U.S. Cyberattack Hurt Iran’s Ability to Target Oil Tankers, Officials Say

By Julian E. Barnes

WASHINGTON — A secret cyberattack against Iran in June wiped out a critical database used by Iran’s paramilitary arm to plot attacks against oil tankers and degraded Tehran’s ability to covertly target shipping traffic in the Persian Gulf, at least temporarily, according to senior American officials.

Iran is still trying to recover information destroyed in the June 20 attack and restart some of the computer systems — including military communications networks — taken offline, the officials said.

Senior officials discussed the results of the strike in part to quell doubts within the Trump administration about whether the benefits of the operation outweighed the cost — lost intelligence and lost access to a critical network used by the Islamic Revolutionary Guards Corps, Iran’s paramilitary forces.

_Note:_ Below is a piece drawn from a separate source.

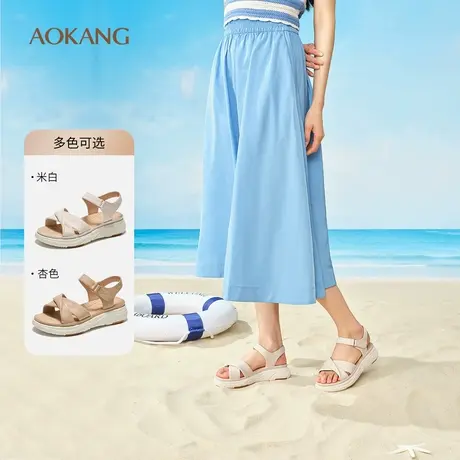 奥康 女鞋2025夏季凉鞋真皮一字带便捷魔术贴舒适平底鞋百搭凉拖图片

The United States and Iran have long been involved in an undeclared cyberconflict, one carefully calibrated to remain in the gray zone between war and peace. The June 20 strike was a critical attack in that ongoing battle, officials said, and it went forward even after President Trump called off a retaliatory airstrike that day after Iran shot down an American drone.

Iran has not escalated its attacks in response, continuing its cyberoperations against the United States government and American corporations at a steady rate, according to American government officials.

American cyberoperations are designed to change Iran’s behavior without initiating a broader conflict or prompting retaliation, said Norman Roule, a former senior intelligence official. Because they are rarely acknowledged publicly, cyberstrikes are much like covert operations, he said.

“You need to ensure your adversary understands one message: The United States has enormous capabilities which they can never hope to match, and it would be best for all concerned if they simply stopped their offending actions,” Mr. Roule said.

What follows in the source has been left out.